## TASK TO CARRY OUT
Could you repeat every record below exactly, leaving out the pictures?

## RECORDED DATA
####################

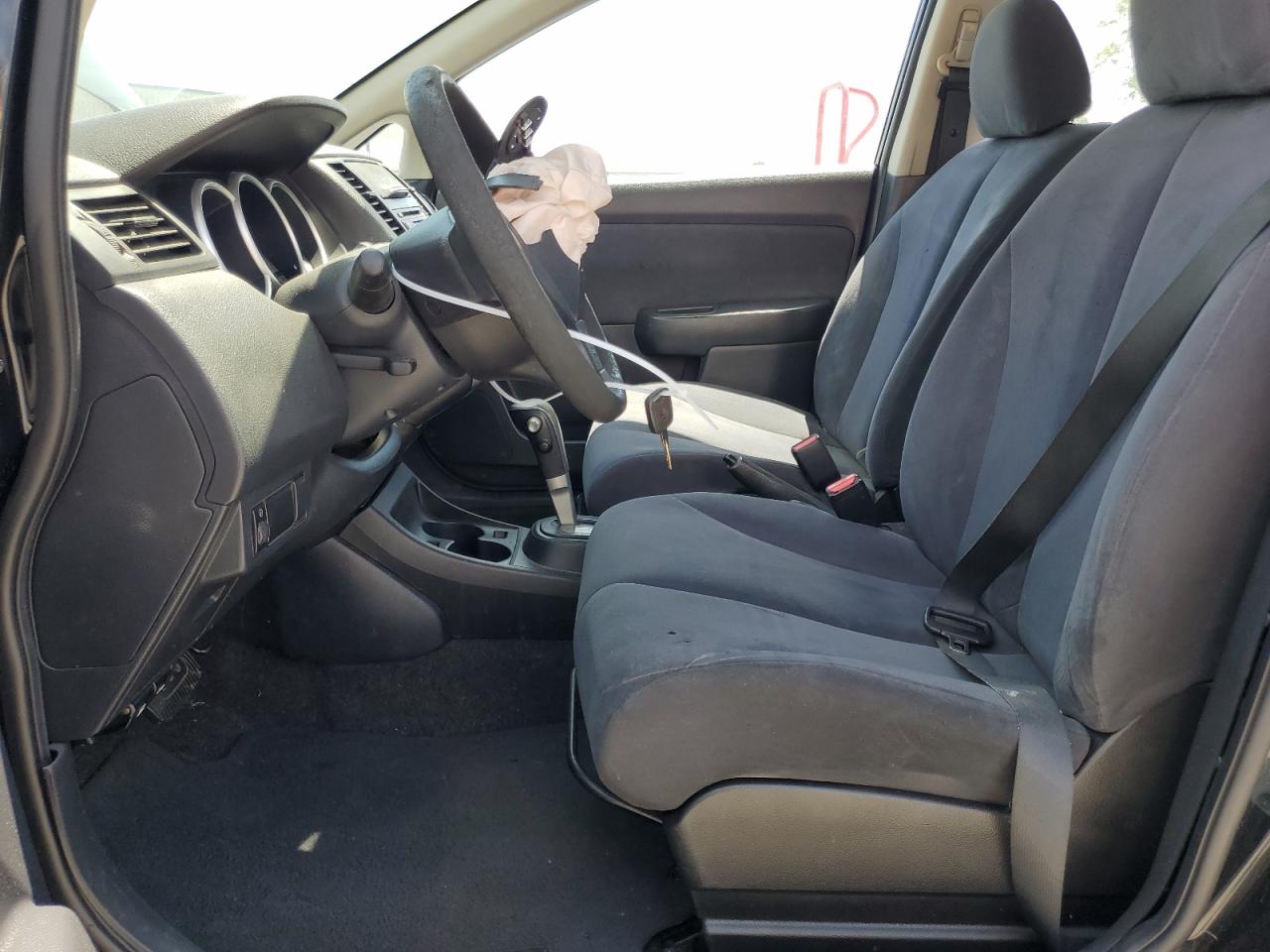 3N1CC11E99L484385 2009 Nissan Versa S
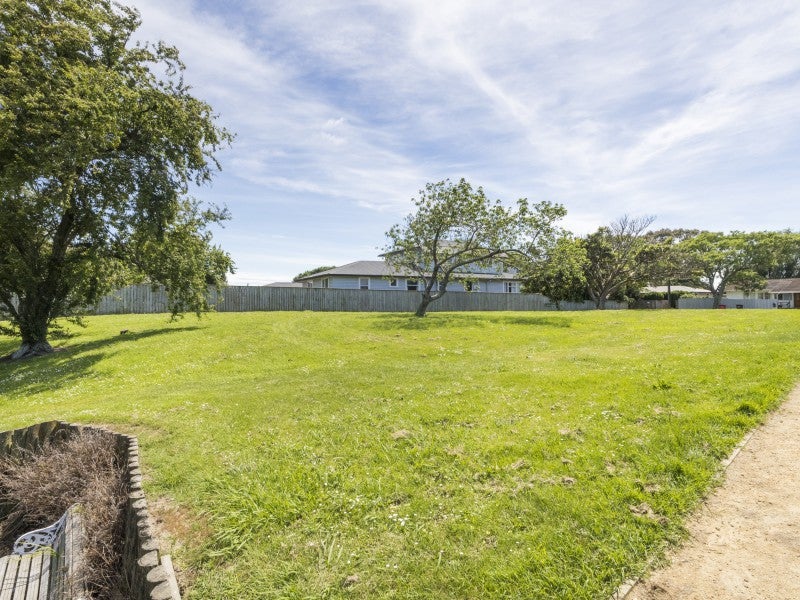 192 Maxwells Line, Awapuni, Palmerston North - Carousel 13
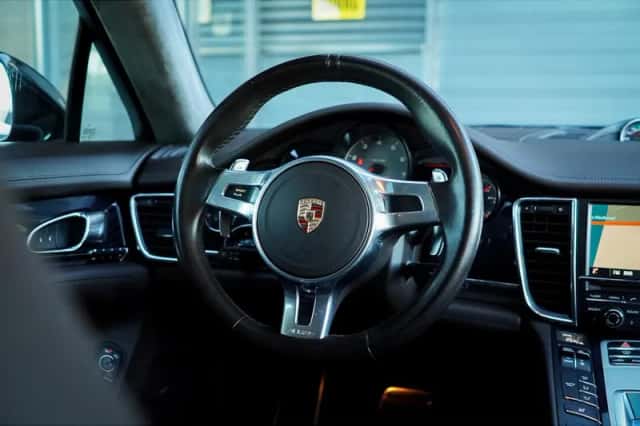 Porsche Panamera (2013) thumbnail 51
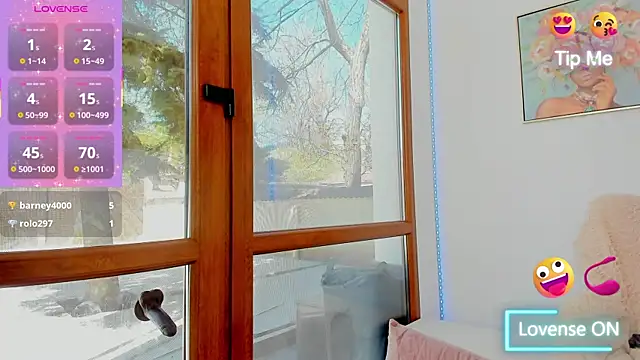 Mia__Milan Stripchat cam model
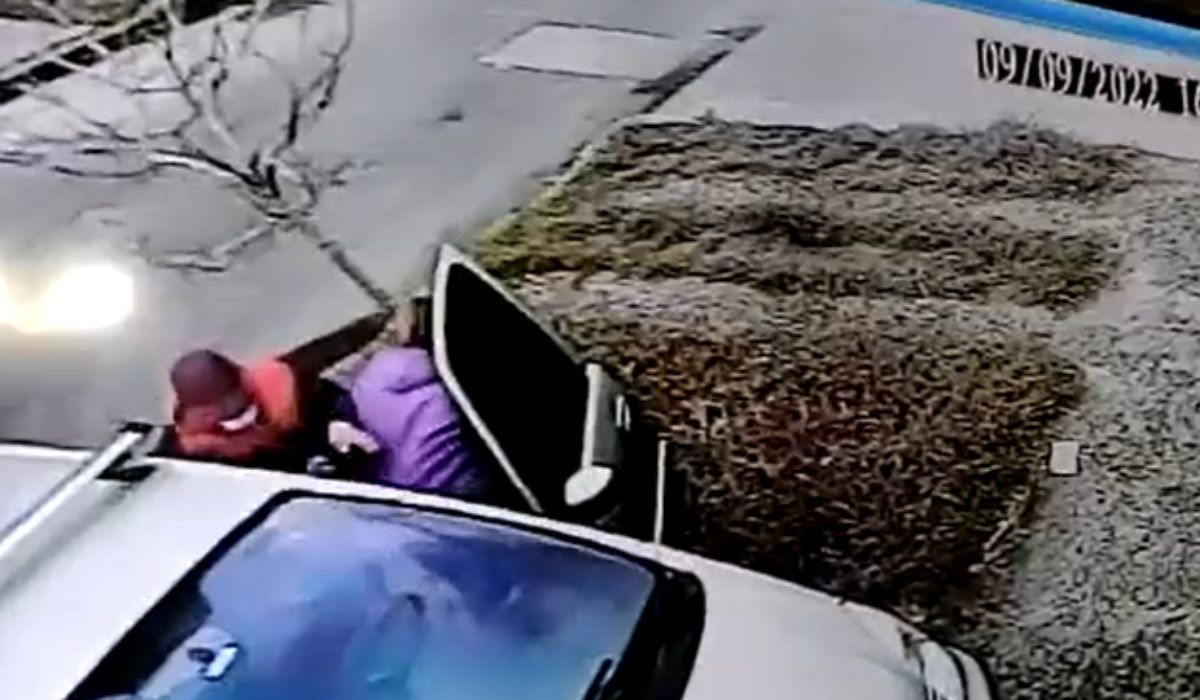 Robo piraña en Lanús: así atacaron a una mujer en la puerta de su casa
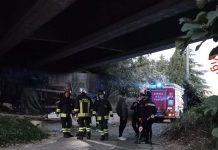 Esplosione in una baracca a Catanzaro: morte le due persone ferite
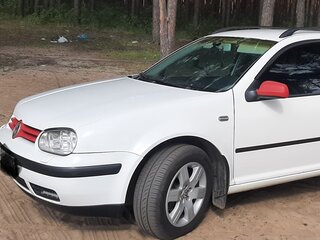 2003 Volkswagen Golf IV, белый, 450000 рублей, вид 1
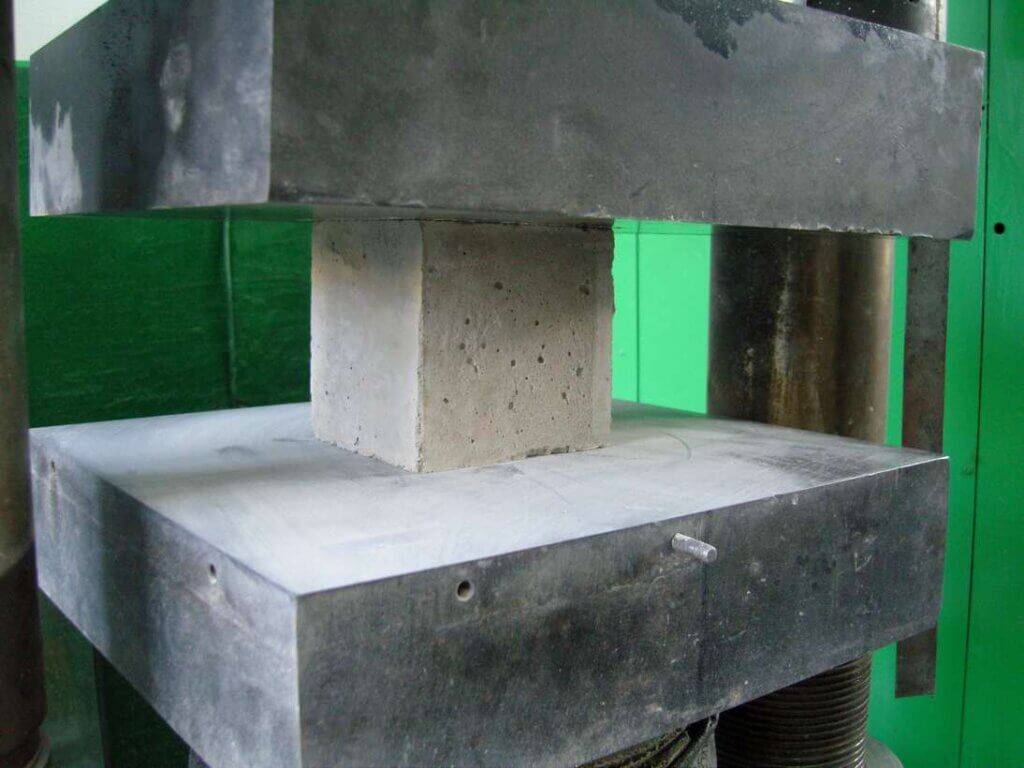 Испытание бетона: методы определения прочности бетонных конструкций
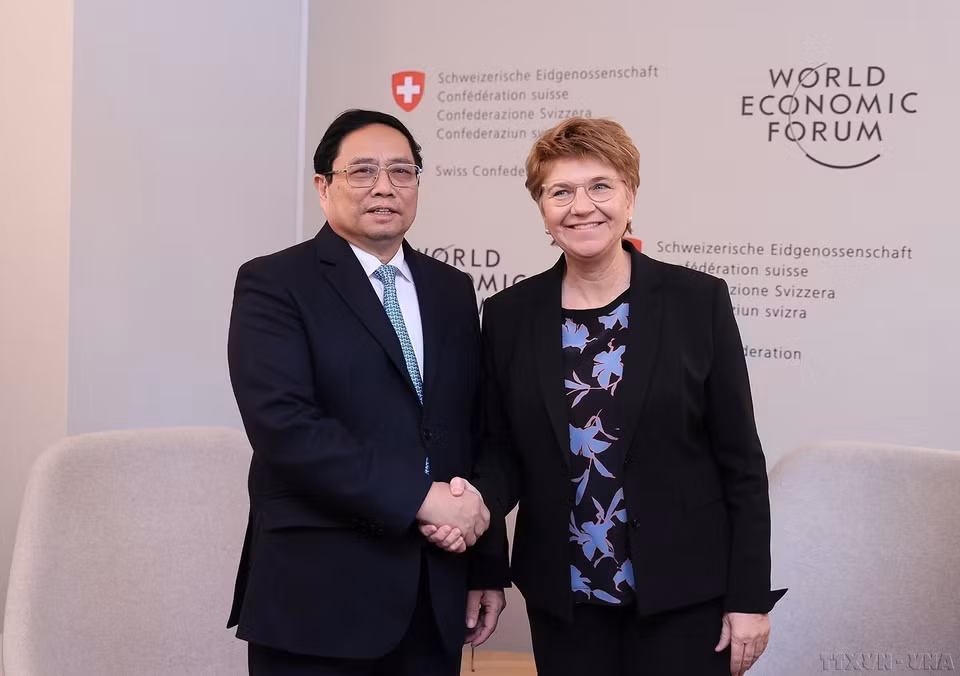 Le Premier ministre Pham Minh Chinh rencontre la présidente de la Confédération suisse, Viola Amherd, lors de sa participation à la 54e réunion annuelle du Forum économique mondial (WEF) à Davos, en Suisse, le 17 janvier 2024. Photo : VNA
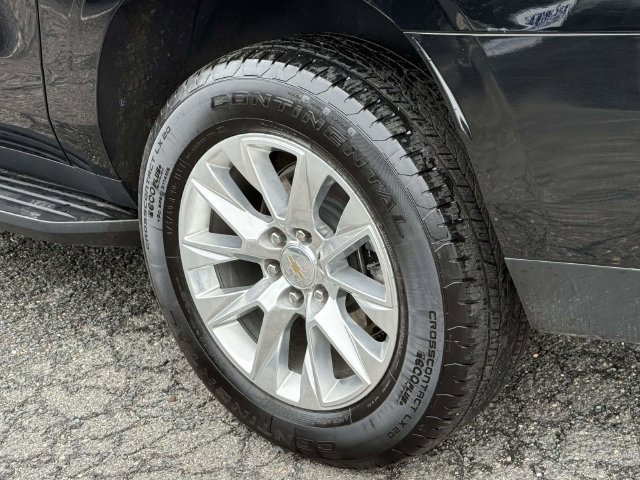 Used 2025 Chevrolet Suburban Premier AWD/4WD image 11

####################

## WRITTEN ANSWER
 3N1CC11E99L484385 2009 Nissan Versa S
 192 Maxwells Line, Awapuni, Palmerston North - Carousel 13
 Porsche Panamera (2013) thumbnail 51
 Mia__Milan Stripchat cam model
 Robo piraña en Lanús: así atacaron a una mujer en la puerta de su casa
 Esplosione in una baracca a Catanzaro: morte le due persone ferite
 2003 Volkswagen Golf IV, белый, 450000 рублей, вид 1
 Испытание бетона: методы определения прочности бетонных конструкций
 Le Premier ministre Pham Minh Chinh rencontre la présidente de la Confédération suisse, Viola Amherd, lors de sa participation à la 54e réunion annuelle du Forum économique mondial (WEF) à Davos, en Suisse, le 17 janvier 2024. Photo : VNA
 Used 2025 Chevrolet Suburban Premier AWD/4WD image 11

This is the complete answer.